To do:
Note on the material below: return exactly the lines from the line that holds "Hotels Near Fales Hot Springs" through the line that holds "papan wedding malang", and leave out each picture.

START Given entries

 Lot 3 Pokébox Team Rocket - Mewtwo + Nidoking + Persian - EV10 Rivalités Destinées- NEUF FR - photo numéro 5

END Given entries
START Given entries

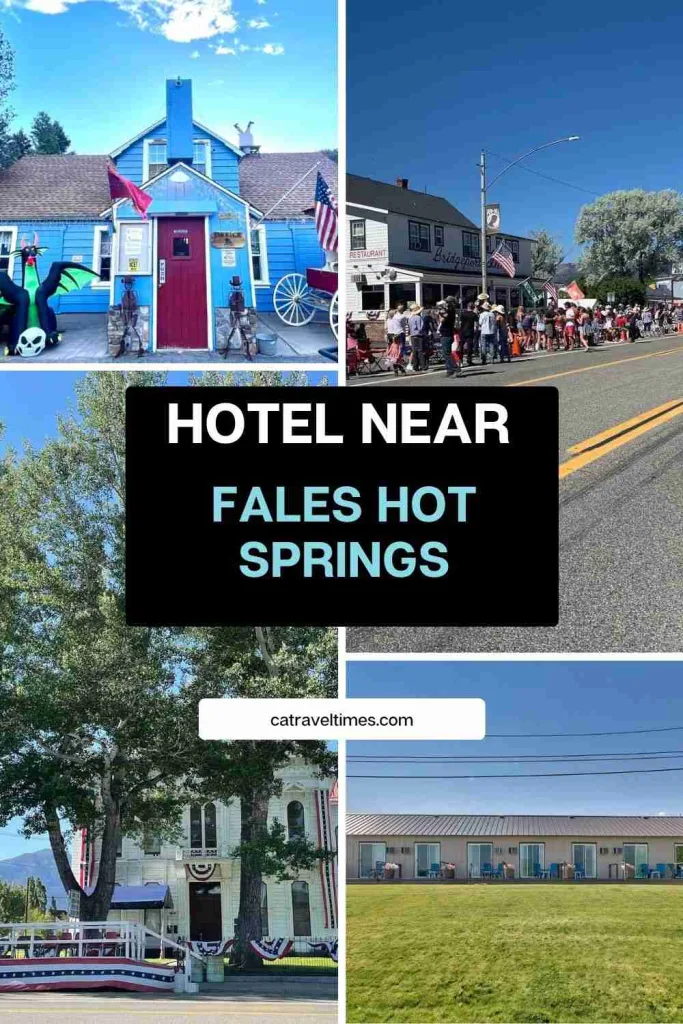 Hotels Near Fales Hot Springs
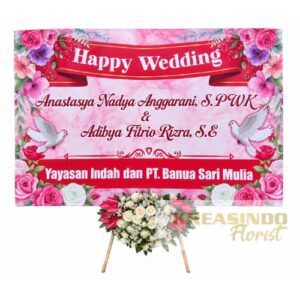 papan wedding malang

END Given entries
START Given entries

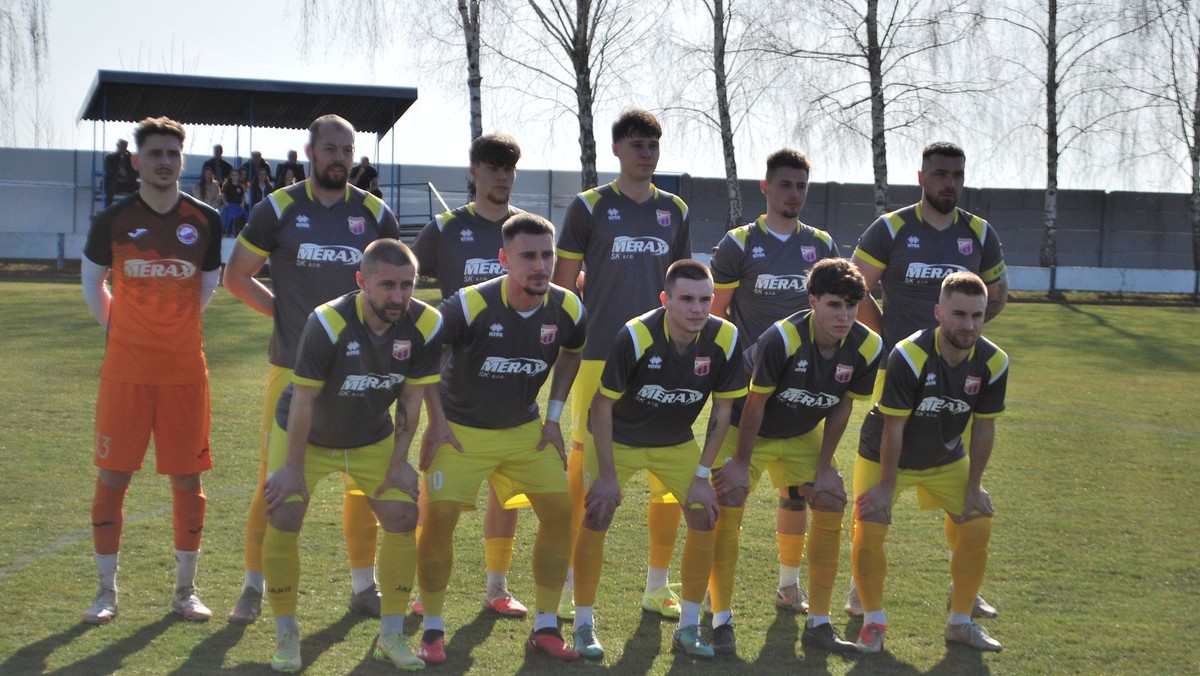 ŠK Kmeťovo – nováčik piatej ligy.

END Given entries

Response for this exercise:
 Hotels Near Fales Hot Springs
 papan wedding malang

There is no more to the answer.